Activity :: A full, word-for-word copy of the listing below is needed; leave the images out of it.

Given information ::
__________________________________________________
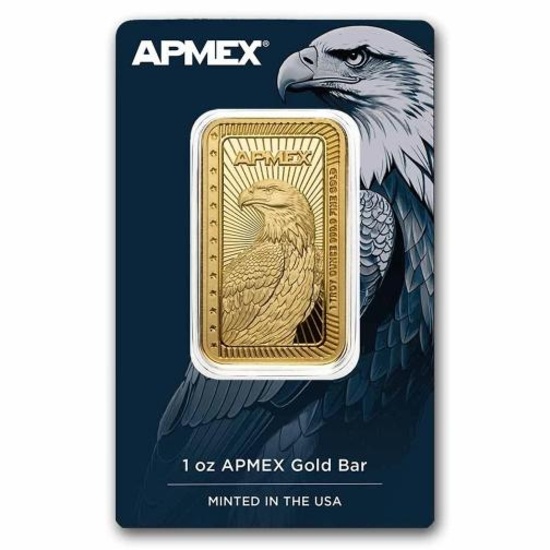 1 oz Gold Bar - APMEX Eagle (In Assay)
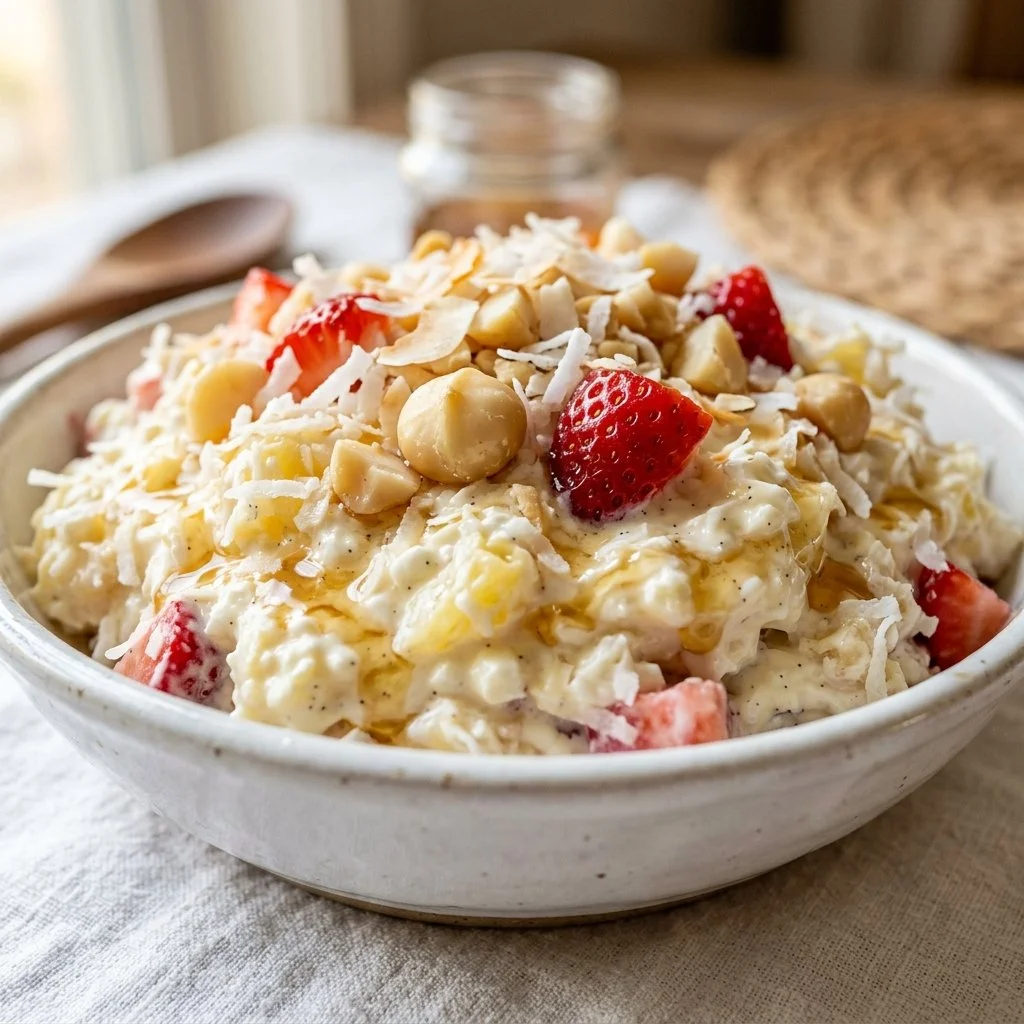 High Protein Hawaiian Cheesecake Salad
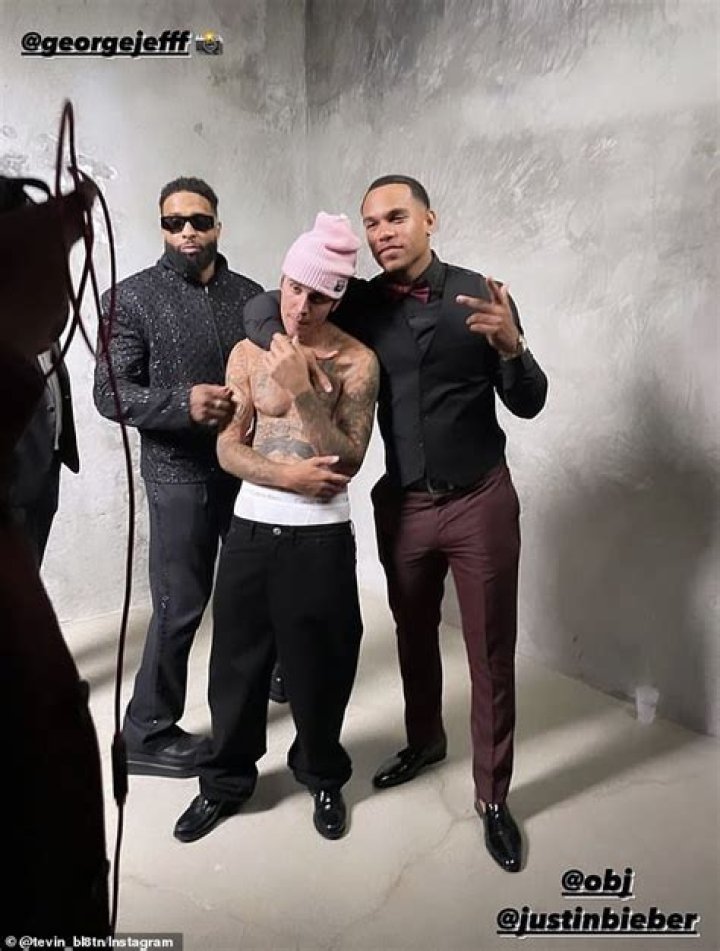 Justin Bieber And Odell Beckham Jr.'s Viral Bromance Caught On Camera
__________________________________________________
Solved exercise ::
 1 oz Gold Bar - APMEX Eagle (In Assay)
 High Protein Hawaiian Cheesecake Salad
 Justin Bieber And Odell Beckham Jr.'s Viral Bromance Caught On Camera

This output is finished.